FIG. 10 is a chart showing the results of observing the error ε of the analysis frequency difference for each of the first embodiment and the inverse proportion. The result of analyzing the analysis frequency difference for each of a total of 10023 songs is shown in FIG. For the inverse proportion, for example, the acoustic analysis library "librosa" (reference: https://librosa.github.io/librosa/generated/librosa.core.estimate_tuning.html?highlight=estimate%20tuning#librosa.core.estimate_tuning) is used. The analysis frequency difference is specified and the analysis frequency difference is corrected. Specifically, the inverse proportion analyzes the most appropriate candidate value among a plurality of grids (candidate values that are candidates for the analysis frequency difference dy) defined by a predetermined frequency resolution in the numerical range in which the analysis frequency difference can be taken. The configuration is such that it is specified as a frequency difference and the analysis frequency difference is corrected.

In FIG. 10, the ratio of the total number of songs having an error ε exceeding 5 cents, the ratio of the total number of songs having an error ε exceeding 10 cents, and the ratio of the total number of songs having an error ε exceeding 20 cents are shown. The mean and standard deviation of the error ε are also shown in FIG.

As illustrated in FIG. 10, in the configuration of the first embodiment, the proportion of music in which an error ε of the analysis frequency difference dz occurs is reduced as compared with the inverse proportion. In addition, the configuration of the first embodiment has a smaller average and standard deviation of the error ε as compared with the inverse proportion. As understood from the above description, according to the first embodiment, the analysis frequency difference dz can be specified robustly and with high accuracy as compared with the inverse proportion. In the inversely proportional configuration, in order to identify the analysis frequency difference with high accuracy, it is necessary to narrow the grid spacing defined by the frequency resolution. When the grid spacing is narrowed, the amount of calculation for identifying the analysis frequency difference becomes large. On the other hand, according to the configuration of the first embodiment, the frequency difference that is a candidate for the analysis frequency difference dz can be defined without being restricted by the frequency resolution, so that the analysis frequency can be accurately analyzed while reducing the amount of calculation. The difference dz can be specified.

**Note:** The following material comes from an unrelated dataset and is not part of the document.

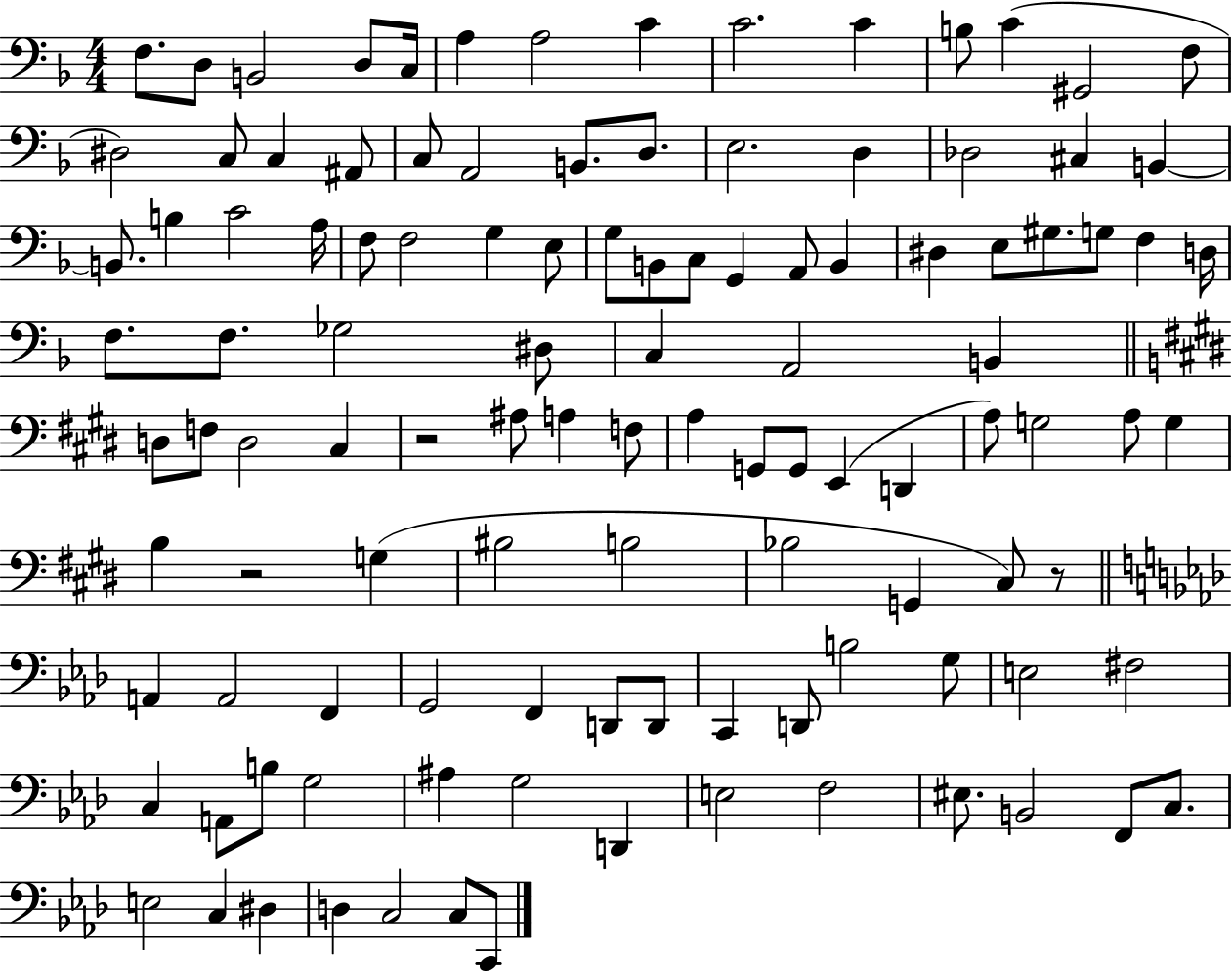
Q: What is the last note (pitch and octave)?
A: C2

B: Second Embodiment The second embodiment of the present disclosure will be described. For the elements having the same functions as those of the first embodiment in each of the embodiments illustrated below, the reference numerals used in the description of the first embodiment will be diverted and detailed description of each will be omitted as appropriate.

In the second embodiment, the analysis frequency difference dz is displayed. FIG. 11 is a block diagram showing a functional configuration of the control device 10 according to the second embodiment. As illustrated in FIG. 11, in the second embodiment, the adjustment unit 19 in the first embodiment is replaced with the display control unit 18. The display control unit 18 outputs the analysis frequency difference dz generated by the correction unit 17 to the display device 40. The display device 40 displays the analysis frequency difference dz output from the display control unit 18. That is, the analysis frequency difference dz is displayed under the control of the display control unit 18.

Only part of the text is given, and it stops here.